# RECORD SET
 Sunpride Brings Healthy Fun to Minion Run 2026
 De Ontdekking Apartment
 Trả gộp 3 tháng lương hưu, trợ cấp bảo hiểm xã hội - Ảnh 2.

---

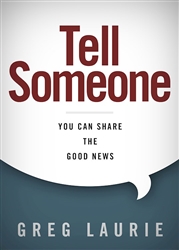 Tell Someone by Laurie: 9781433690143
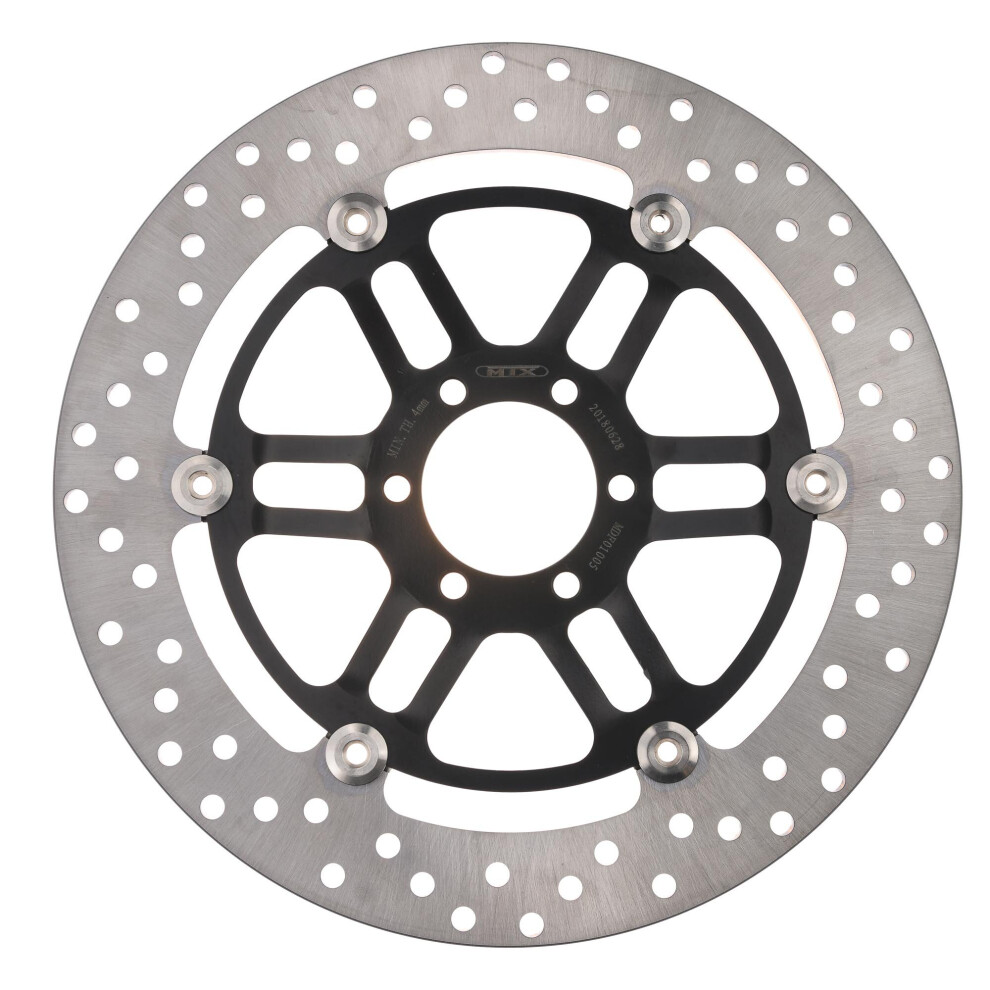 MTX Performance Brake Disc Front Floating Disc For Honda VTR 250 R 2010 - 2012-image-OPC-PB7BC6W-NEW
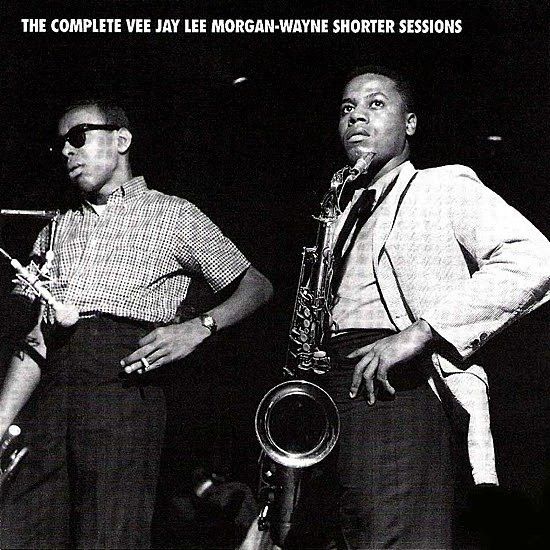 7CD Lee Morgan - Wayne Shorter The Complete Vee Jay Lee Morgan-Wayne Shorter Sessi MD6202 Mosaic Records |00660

* * *

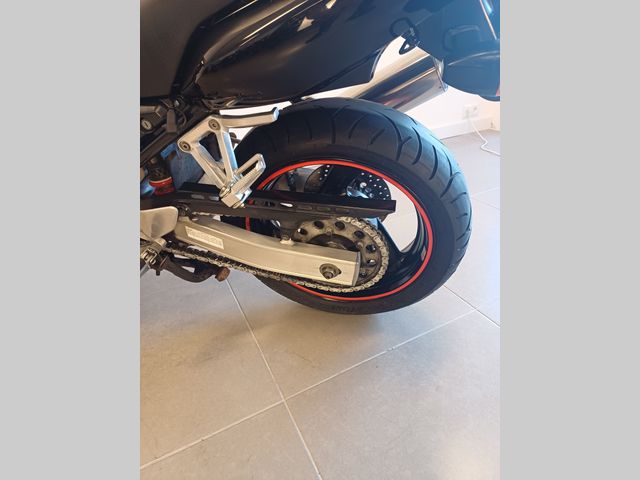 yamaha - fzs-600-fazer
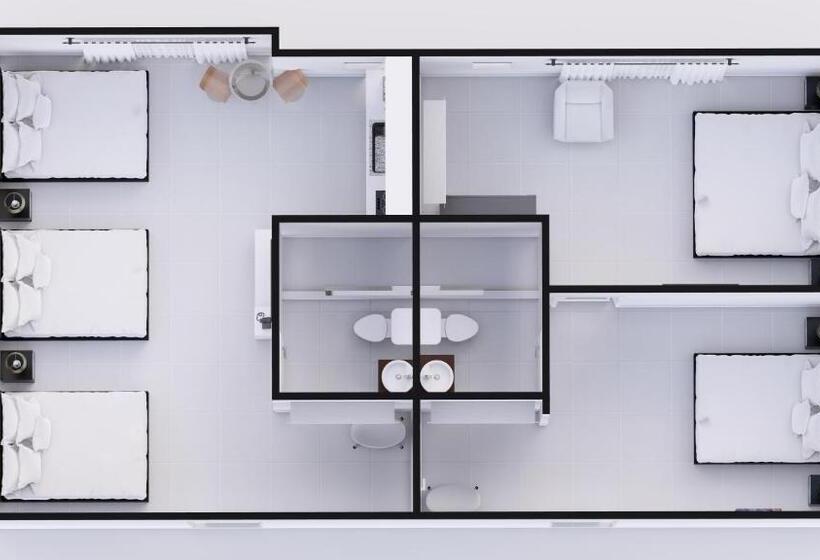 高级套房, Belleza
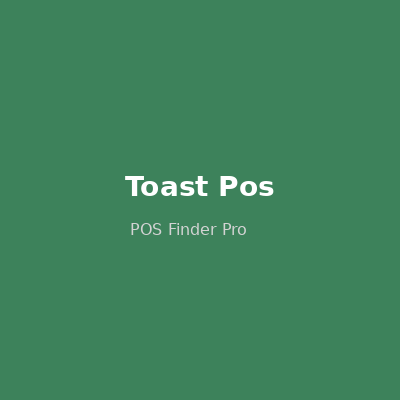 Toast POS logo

# REQUIRED ACTION
Please reproduce the lines from the line with "Sunpride Brings Healthy" to the line with "Trả gộp 3 tháng", both ends included, exactly as they appear above.

# RESPONSE
 Sunpride Brings Healthy Fun to Minion Run 2026
 De Ontdekking Apartment
 Trả gộp 3 tháng lương hưu, trợ cấp bảo hiểm xã hội - Ảnh 2.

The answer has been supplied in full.